Di sisi lain, kelompok Islamis melihat bahwa Masjid Aya Sofia, salah satu katedral terbesar dan termegah dunia merupakan simbol penaklukan Istanbul. Narasinya menjadi begini: jatuhnya Konstantinopel menandai kemenangan umat Islam atas Kristiani sebagai the others tempo dulu (tentara Perang Salib), dan kini pengubahan Aya Sofia merupakan tanda kemenangan Islam atas the others zaman modern (Israel). Erdogan mengatakan di dalam pidatonya bahwa kembalinya Masjid Aya Sofia merupakan simbol pembebasan Masjid al-Aqsha. Ini berlebihan menurut saya. Aya Sofia tidak sesuci Masjid al-Aqsha, apalagi Masjidil Haram. Terlepas dari itu, melawan Israel atau siapapun yang dianggap sebagai musuh umat Islam tidak akan pernah bisa dengan cara-cara populis. Membenturkan wacana Islam versus Kristiani ialah jualan usang nan kadaluwarsa.

Nasionalisme ialah cinta tanah air, rasa kebangsaan yang mewujud atas perasaan senasib sepenanggungan. Persoalan nasionalisme memang masalah internal suatu bangsa, namun untuk menguatkan itu, sebuah bangsa tidak akan pernah bisa lepas dari internasionalisme. Indonesia misalnya, saat dulu memproklamirkan kemerdekaan di depan mikrofon masihlah sebuah negara anyaran. Lemah. Jika bukan dukungan negara-negara lain, Indonesia tidak akan pernah diakui secara de facto.

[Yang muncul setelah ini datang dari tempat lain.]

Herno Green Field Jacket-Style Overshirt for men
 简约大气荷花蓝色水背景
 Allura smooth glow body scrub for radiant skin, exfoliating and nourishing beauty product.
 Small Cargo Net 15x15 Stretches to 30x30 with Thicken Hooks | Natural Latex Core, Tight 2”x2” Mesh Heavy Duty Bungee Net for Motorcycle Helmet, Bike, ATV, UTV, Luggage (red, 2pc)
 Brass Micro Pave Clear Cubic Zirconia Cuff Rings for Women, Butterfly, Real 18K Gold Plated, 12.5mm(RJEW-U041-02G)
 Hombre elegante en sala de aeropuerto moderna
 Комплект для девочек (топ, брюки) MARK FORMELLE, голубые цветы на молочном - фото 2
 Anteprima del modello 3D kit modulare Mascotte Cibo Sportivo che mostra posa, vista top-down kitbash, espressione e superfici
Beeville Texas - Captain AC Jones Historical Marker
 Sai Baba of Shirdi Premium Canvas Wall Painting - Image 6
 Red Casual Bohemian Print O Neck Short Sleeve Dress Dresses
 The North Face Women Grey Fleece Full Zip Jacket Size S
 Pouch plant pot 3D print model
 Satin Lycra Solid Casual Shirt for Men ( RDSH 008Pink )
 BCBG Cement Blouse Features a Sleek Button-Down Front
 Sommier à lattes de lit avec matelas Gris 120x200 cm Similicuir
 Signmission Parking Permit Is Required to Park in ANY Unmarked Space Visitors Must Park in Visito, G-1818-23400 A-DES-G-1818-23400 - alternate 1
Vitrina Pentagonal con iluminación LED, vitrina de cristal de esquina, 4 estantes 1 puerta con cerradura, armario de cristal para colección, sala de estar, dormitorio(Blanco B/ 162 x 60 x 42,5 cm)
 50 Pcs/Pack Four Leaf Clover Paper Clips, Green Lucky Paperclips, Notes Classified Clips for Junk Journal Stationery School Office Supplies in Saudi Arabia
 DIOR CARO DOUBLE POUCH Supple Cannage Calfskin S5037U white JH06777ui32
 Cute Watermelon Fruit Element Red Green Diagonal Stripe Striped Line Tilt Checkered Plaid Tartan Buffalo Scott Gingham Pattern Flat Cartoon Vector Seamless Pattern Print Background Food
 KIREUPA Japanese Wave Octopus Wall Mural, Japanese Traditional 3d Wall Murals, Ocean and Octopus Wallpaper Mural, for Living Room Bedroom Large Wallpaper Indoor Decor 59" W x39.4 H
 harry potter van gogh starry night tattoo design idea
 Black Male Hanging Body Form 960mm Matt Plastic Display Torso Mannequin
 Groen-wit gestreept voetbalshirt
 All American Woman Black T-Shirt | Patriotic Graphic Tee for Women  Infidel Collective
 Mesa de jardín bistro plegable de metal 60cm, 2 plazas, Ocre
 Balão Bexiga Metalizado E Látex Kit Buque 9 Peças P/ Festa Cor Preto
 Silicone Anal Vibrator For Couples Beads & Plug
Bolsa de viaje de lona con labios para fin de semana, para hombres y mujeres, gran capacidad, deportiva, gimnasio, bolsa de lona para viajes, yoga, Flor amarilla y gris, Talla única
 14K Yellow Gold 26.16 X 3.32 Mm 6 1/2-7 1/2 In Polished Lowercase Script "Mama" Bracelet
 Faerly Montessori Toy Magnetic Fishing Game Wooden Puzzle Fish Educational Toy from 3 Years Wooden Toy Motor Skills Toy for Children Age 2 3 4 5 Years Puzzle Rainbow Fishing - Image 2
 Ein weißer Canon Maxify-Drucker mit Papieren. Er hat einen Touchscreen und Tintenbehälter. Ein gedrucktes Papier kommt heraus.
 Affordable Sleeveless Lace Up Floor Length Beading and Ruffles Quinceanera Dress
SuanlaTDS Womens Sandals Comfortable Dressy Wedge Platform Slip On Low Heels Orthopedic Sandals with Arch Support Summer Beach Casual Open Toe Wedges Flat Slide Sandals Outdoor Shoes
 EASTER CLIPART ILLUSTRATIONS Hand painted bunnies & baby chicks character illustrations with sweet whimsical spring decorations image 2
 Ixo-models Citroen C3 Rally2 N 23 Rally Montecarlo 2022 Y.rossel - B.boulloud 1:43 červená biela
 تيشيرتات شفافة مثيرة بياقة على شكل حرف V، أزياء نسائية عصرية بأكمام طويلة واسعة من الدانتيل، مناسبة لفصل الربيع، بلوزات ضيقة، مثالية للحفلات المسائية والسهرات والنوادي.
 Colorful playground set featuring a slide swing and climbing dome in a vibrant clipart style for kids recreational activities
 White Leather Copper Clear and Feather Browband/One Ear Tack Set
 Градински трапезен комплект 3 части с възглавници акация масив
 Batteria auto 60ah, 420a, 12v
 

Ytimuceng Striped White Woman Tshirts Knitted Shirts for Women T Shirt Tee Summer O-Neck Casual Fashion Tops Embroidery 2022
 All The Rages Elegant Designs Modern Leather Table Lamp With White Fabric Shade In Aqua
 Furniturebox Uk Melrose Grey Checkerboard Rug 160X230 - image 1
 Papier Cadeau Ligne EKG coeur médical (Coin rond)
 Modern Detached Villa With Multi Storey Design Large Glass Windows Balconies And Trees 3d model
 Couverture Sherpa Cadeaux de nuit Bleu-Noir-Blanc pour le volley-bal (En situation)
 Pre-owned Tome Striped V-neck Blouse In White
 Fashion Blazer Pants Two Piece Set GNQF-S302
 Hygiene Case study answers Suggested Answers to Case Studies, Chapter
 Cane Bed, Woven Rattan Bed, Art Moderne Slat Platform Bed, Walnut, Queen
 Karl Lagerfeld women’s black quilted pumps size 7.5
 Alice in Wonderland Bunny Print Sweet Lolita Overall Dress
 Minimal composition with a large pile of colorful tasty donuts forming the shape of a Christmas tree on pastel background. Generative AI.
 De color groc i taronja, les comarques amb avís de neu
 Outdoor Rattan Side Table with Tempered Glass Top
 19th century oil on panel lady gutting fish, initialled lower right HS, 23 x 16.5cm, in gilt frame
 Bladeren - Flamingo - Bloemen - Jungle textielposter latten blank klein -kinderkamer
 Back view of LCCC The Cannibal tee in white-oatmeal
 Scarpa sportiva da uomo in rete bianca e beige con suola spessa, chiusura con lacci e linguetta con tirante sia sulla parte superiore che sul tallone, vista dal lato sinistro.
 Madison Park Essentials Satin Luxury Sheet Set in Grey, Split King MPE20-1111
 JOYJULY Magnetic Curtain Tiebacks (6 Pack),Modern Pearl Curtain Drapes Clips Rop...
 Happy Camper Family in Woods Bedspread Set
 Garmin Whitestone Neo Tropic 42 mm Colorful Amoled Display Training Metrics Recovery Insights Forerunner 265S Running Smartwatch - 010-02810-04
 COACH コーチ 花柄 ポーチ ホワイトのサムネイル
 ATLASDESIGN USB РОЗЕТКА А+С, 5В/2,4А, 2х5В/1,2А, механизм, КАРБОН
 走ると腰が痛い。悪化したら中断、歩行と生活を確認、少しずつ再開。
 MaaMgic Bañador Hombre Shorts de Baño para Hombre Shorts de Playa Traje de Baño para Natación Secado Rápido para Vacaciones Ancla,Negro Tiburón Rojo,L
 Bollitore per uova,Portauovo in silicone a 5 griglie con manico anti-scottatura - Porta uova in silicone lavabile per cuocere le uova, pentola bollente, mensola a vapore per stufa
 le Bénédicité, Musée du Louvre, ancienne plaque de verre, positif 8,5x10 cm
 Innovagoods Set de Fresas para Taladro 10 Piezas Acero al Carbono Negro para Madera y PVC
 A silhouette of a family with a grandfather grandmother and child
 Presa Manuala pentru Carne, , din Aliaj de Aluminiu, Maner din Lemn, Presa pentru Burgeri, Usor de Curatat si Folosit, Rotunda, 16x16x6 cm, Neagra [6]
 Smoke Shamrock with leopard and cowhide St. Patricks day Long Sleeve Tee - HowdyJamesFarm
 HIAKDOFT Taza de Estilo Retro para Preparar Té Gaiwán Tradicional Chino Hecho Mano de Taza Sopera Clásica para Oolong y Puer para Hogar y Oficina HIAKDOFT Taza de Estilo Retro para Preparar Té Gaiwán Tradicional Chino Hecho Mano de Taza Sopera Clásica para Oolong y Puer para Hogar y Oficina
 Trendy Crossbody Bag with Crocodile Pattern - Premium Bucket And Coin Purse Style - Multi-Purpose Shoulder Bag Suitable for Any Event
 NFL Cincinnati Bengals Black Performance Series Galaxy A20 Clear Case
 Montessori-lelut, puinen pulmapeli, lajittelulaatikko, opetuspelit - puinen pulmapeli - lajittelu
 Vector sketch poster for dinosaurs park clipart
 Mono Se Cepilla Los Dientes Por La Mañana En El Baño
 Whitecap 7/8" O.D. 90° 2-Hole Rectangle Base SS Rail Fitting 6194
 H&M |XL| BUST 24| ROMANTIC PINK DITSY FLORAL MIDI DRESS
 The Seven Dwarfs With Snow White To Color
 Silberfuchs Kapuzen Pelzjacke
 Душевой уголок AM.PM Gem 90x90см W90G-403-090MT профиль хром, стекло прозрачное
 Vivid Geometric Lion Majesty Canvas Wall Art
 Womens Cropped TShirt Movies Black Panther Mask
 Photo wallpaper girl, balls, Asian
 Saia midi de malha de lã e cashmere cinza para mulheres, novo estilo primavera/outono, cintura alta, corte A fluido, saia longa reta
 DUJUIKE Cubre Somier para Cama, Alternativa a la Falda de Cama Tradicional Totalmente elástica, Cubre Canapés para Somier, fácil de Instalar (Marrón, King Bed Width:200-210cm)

Sekarang, di dalam narasi pidato Erdogan tidak ada satu kata pun menyinggung umat Kristiani. Ia hanya menyebut mimpi-mimpi ‘langit’ mempersatukan umat Islam (lagi) dari Bukhara hingga ke Andalusia. Erdogan telah mengubah dan mereduksi nasionalisme menjadi situs-artefak, menjual iman demi kepentingan politik. Nasionalisme (islamisme) yang dipujanya bernapaskan egoisme dan narsisme religius. Seperti kaum Jahiliah penyembah berhala dahulu: menzalimi multikulturalisme budaya dan agama Turki, menjualnya demi setitik kepuasan elektoral yang belum pasti jayanya.